DatDut.Com – “Bangsa yang besar adalah bangsa yang mengenang jasa pahlawannya,” demikian ucapan Bung Karno dahulu. Memang benar, menghargai jasa pahlawan adalah cerminan diri untuk mengukur seberapa besar, dan seberapa kuat bangsa itu berdiri. Ibaratkan bangunan, pahlawan adalah pondasi kuat yang membuat kita bisa berdiri hingga kini dengan damai.
Bulan ini Agustus, iya, Agustus. Semua orang Indonesia pasti tahu, kalau bulan ini amat istimewa, dan pastinya ditunggu dari Sabang hingga Merauke. Bahkan, euforia sudah mulai terasa dari awal bulan. Benar, di bulan ini bangsa Indonesia meraih kemerdekaan. Kemerdekaan yang sudah dirampas selama 450 tahun oleh Belanda dan juga Nippon.
Lalu akhirnya, tepat pada tanggal 17 Agustus 1945, berkibarlah Sang Saka Merah Putih dengan kaffah, tanpa lagi di cengkeram oleh imperialis kejam nan keji. Berkumandangnya Proklamasi Kemerdekaan Indonesia oleh Bung Karno, dan lagu Indonesia Raya membuat negeri ini benar-benar telah merdeka.
Tetapi, selama ini apakah kita tahu bagaimana dan siapakah pengarang lagu “Indonesia Raya” yang dikumandangkan oleh kita selama ini? Apakah kita tahu, jika beliau tidak “sempat” menyairkan karyanya saat kemerdekaan? Namanya Wage Rudolf Soepratman, seorang manusia dari keluarga sederhana, yang lahir dari seorang ibu bernama Siti Senen, dan ayah bernama Joemono Kartodikromo, seorang KNIL Londo. Lahir tanggal 9 Maret (ada sumber lain mengatakan, kalau lahir di tanggal 19 Maret) di wilayah di daerah Jawa Tengah, yang kini terkenal dengan nama Purworejo. Tahun 1903, tepatnya ia lahir.
Sayangnya, ia tidak hidup lama dengan orangtuanya, karena pada tahun 1914 ikut kakak sulungnya Roekijem ke Makassar, lalu disekolahkan oleh suami Roekijem yang bernama Willem van Eldik. Sampai ia lulus dari Normaalschool, dan lulus dari sana. Saat berumur 20 tahun, ia sempat mengajar di sekolah Angka 2.
Saat masa muda itulah juga, ia sempat menulis buku berjudul Perawan Desa.

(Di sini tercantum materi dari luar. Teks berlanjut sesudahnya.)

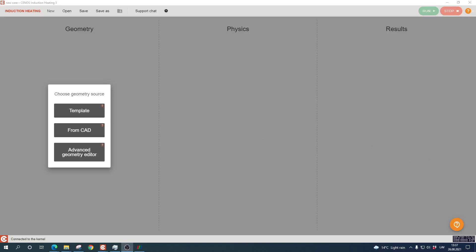Hello and welcome to CENOS induction heating version 3.0 introductory video about the FromCAD approach. Some time ago we released a new and rather massive update for CENOS called version 3.0, which included a lot of updates for the FromCAD approach, which is one of the geometry approaches and simulation creation approaches in CENOS.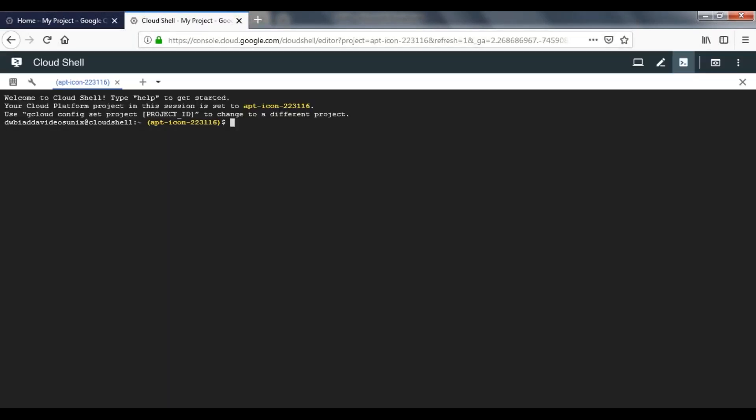Right, so this is our Linux environment. And for our future sessions, we are going to execute all our commands over here and we are going to save our files in this particular environment. Thank you guys.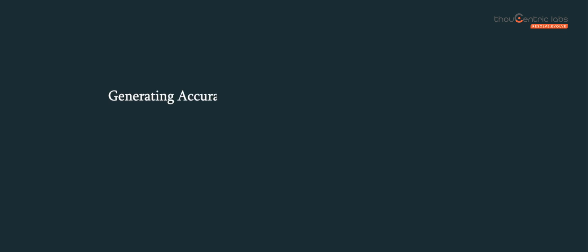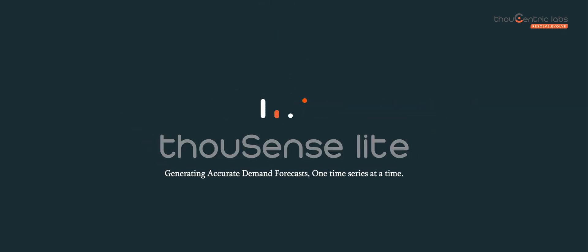Come join us on our journey of generating accurate demand forecasts, one time series at a time.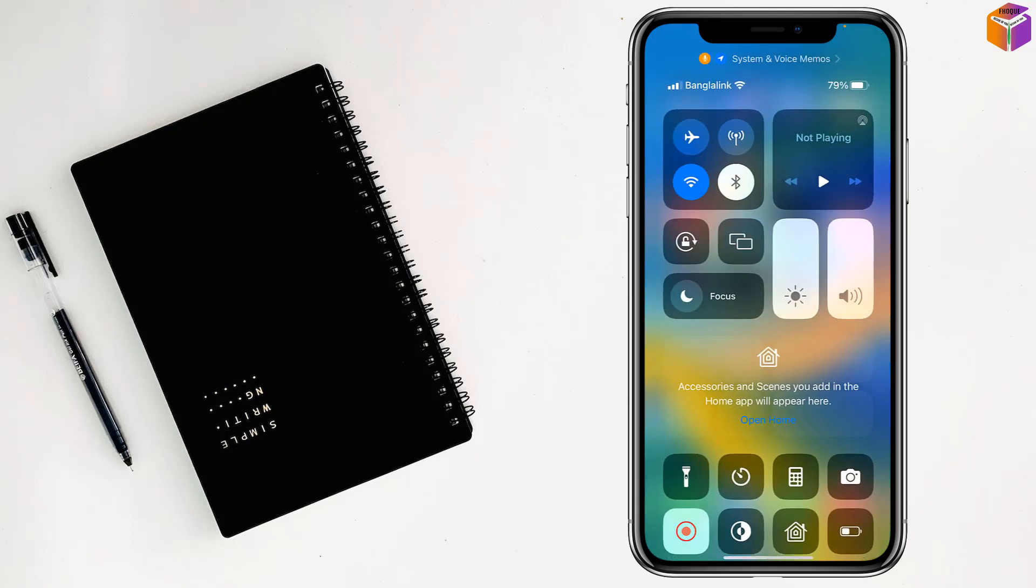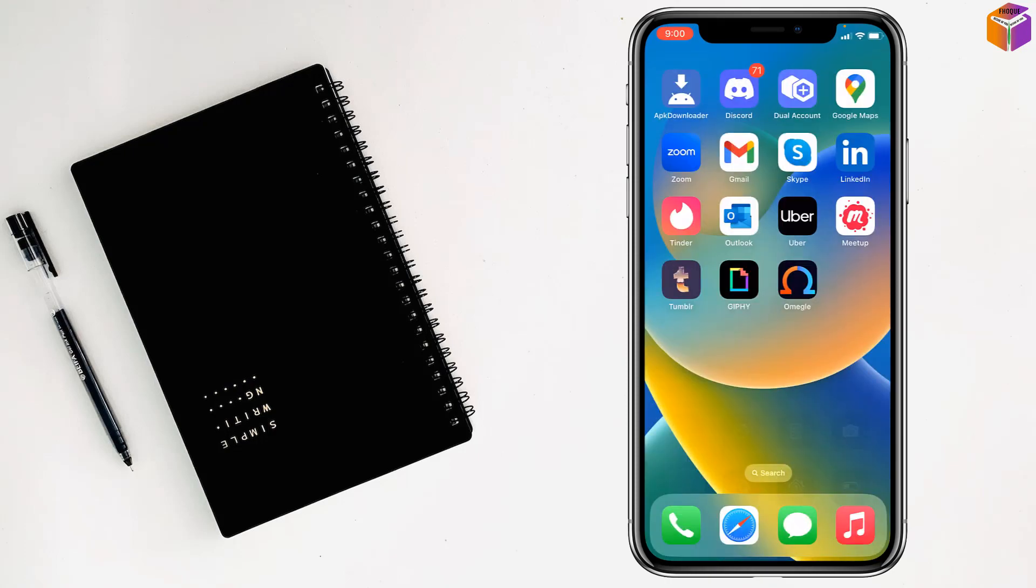When it's flashing, you have to tap on it when you want to record a Discord call. After recording the Discord call, you have to tap on it again to stop.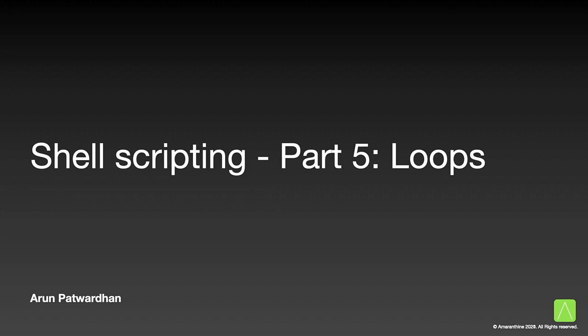Hello and welcome back. This is Arun Patwardhan, and today I will be talking about loops in scripts. If we look at our script, we will notice that there are some repetitive tasks that are performed over and over again. While that is not a problem, it is not exactly efficient. Loops help us address that.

Isi buku itu mengenai kekesalannya terhadap Penjajah Belanda. Oleh karena isi buku yang amat provokatif, dan Belanda takut akan adanya semangat membara “hanya” karena buku itu, maka dilaranglah peredaran buku itu. Itu adalah salah satu karyanya saat masih menjadi wartawan di Kaoem Kita dan Kaoem Muda di jakarta.
Lalu, bagaimana W.R Soepratman bisa menciptakan lagu Indonesia Raya? Jadi, saat Soepratman masih ada di Makassar. Suatu saat, ia membaca majalah Timbul, dan tak sengaja membaca sebuah artikel, yang mana di dalam artikel tersebut, sang penulis menantang para ahli musik untuk membuat lagu kebangsaan. Nah, Soepratman memang bisa bermain musik, dan terbilang ahli, karena ia belajar dari kakak iparnya.
Maka terciptalah lagu Indonesia Raya. Pada kongres Sumpah Pemuda II, tanggal 28 Oktober 1928 lagu itu dikumandangkan, lalu pada pertemuan-pertemuan besar selanjutnya, khususnya pertemuan partai-partai yang nasionalis yang mengadakan kongres. Karena makna, isi, dan semangat sang penyairlah yang membuat Indonesia Raya selalu diperdengarkan.
Karya lain yang ia buat adalah Ibu Kita Kartini, yang juga populer hingga masa kini. Tetapi, nasib berkata lain untuk dirinya. Ia hanya hidup selama 35 tahun, dan akhirnya meninggal pada tanggal 17 Agustus 1938 di Kota Pahlawan, Surabaya. Setelah merasakan sakit yang berkepanjangan.
Walau begitu, nafasnya masih berhembus di lagu-lagu karyanya hingga kini, sampai kapan pun, Indonesia tetap akan mengingatnya sebagai sang Penyair lagu kemerdekaan, seorang pahlawan gagah-berani menyemangati para pejuang terdahulu dengan maha karyanya.
“Hiduplah, Indonesia Raya” – W.R Soepratman.